I got your PM. The easiest way is to buy an N-6 and N-10, both of which are relatively affordable.
The attribution is based on six steps on the obverse:
1. Position of peak of "1" vertically relative to the point of the bust - distance between the two light blue horiz. lines
2. Position of point of bust horizontally relative to the peak of the "1" - yellow vert. line
3. Position of the downward-pointing hair curl over the first numeral "8" in the date - green vert. line
4. The distance of the bottom of the lower most hair curl below the bust relative to the third numeral in the date - distance in between red horiz. lines
5. Position of the leftmost edge of the base of the first "1" in the date horizontally relative to the denticle most immediately adjacent below the numeral - blue vert. line
6. Position of the leftmost edge of the base of the first "1" in the date vertically relative to the denticle most immediately adjacent below the numeral - distance between the orange horiz. lines
Here is a quick diagram I knocked out in Photoshop to give you an idea of what you are looking at. It features an 1847, Newcomb 29 variety.
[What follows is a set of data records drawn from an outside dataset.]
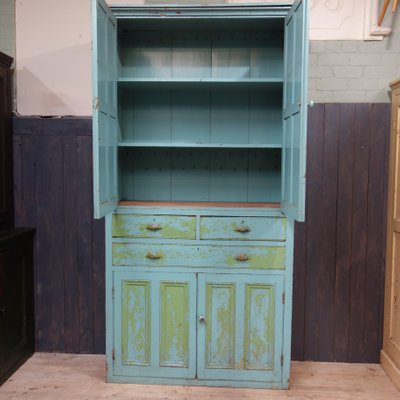 Victorian Four Door Kitchen Larder Cabinet Bei Pamono Kaufen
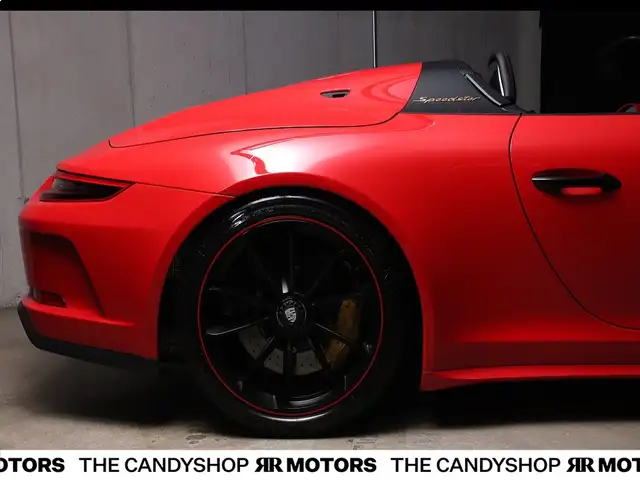 Porsche 991 911 991.2 Speedster *Indischrot*Service_NEU*BOSE* Ansicht 16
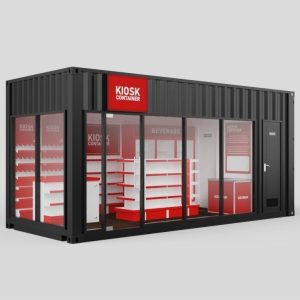 Kiosk Container Design Ideas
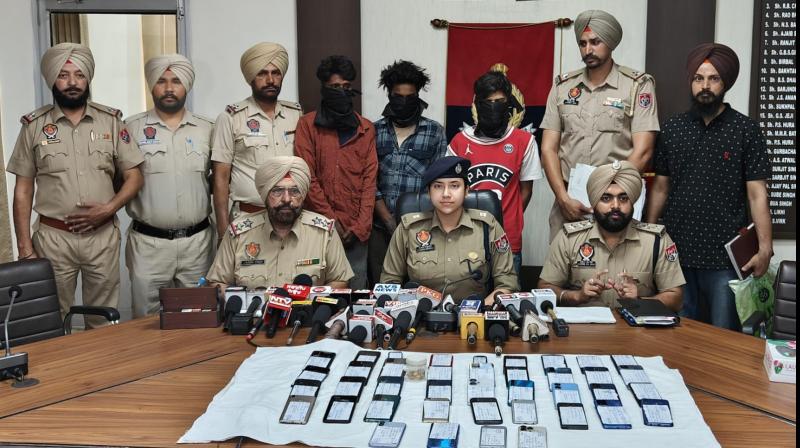 Amritsar police Amritsar police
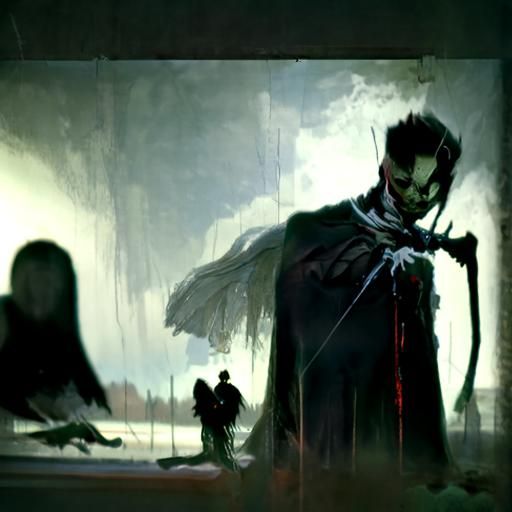 Sinister "Wicked Game" Scene in Dark Style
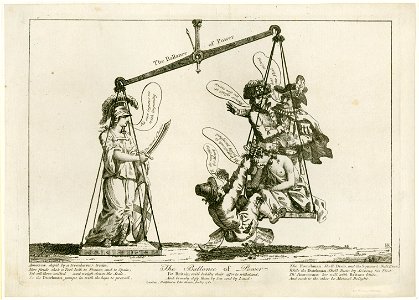 The ballance (sic) of power - RS (monogram). LCCN2004673402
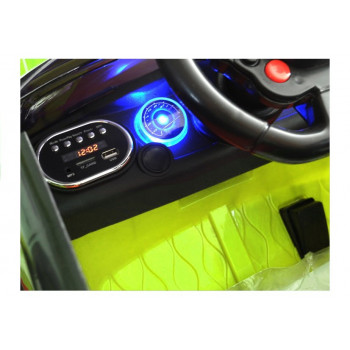 Auto na Akumulator HL1638 Zielone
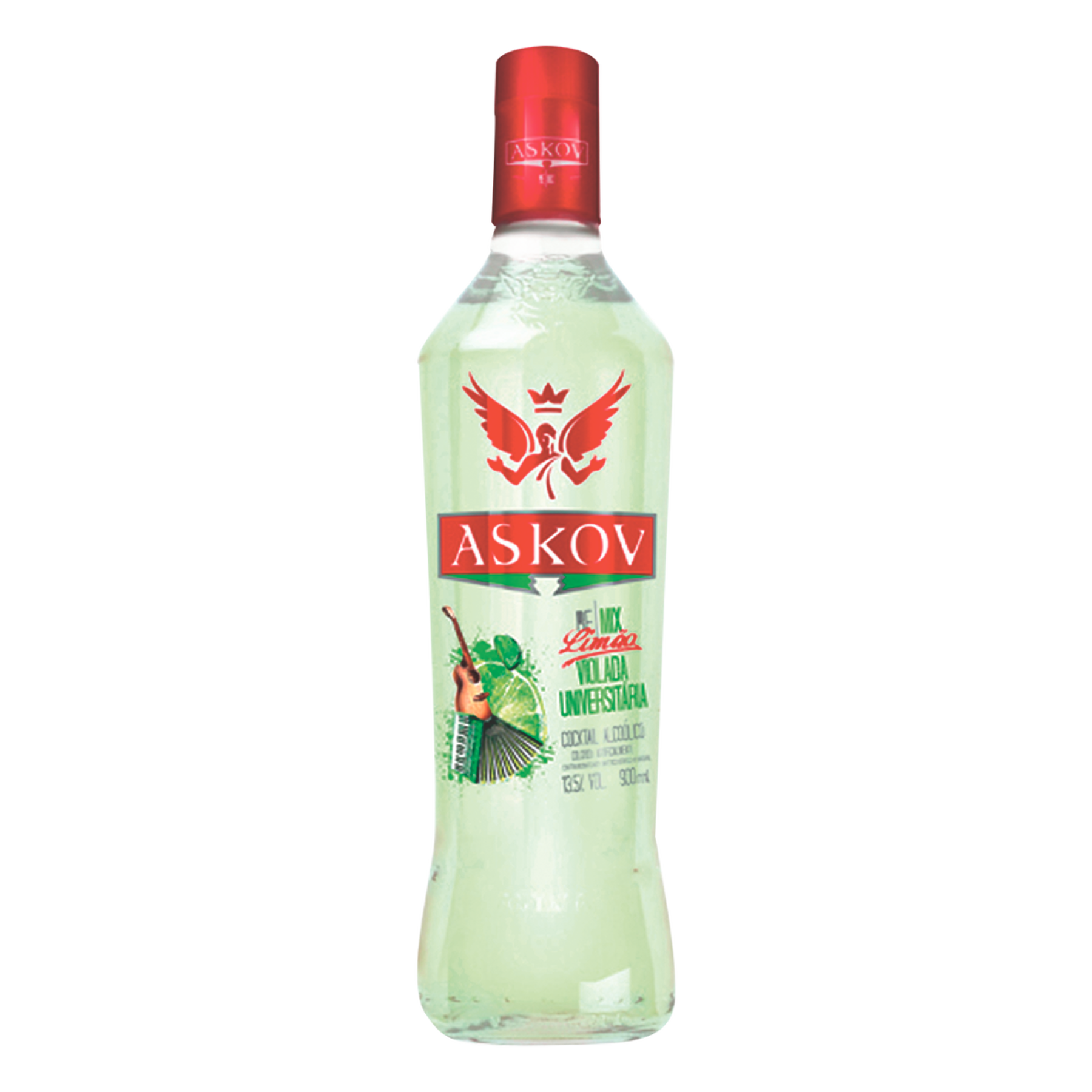 Vodka Lim&atilde;o&nbsp;Askov 900ml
If you don't have Newcomb or Grellman's book, study pictures of the variety you are wanting to hunt for, and note the positions of the 6 obverse areas above. Then start looking for matches.
Reverse is tougher -- easiest way to check reverses is to get a good, high res photo of the reverse of the variety you are hunting and use a photo program to render it partially transparent and to overlay that reverse on top of the reverse you are looking at, and see how close they are.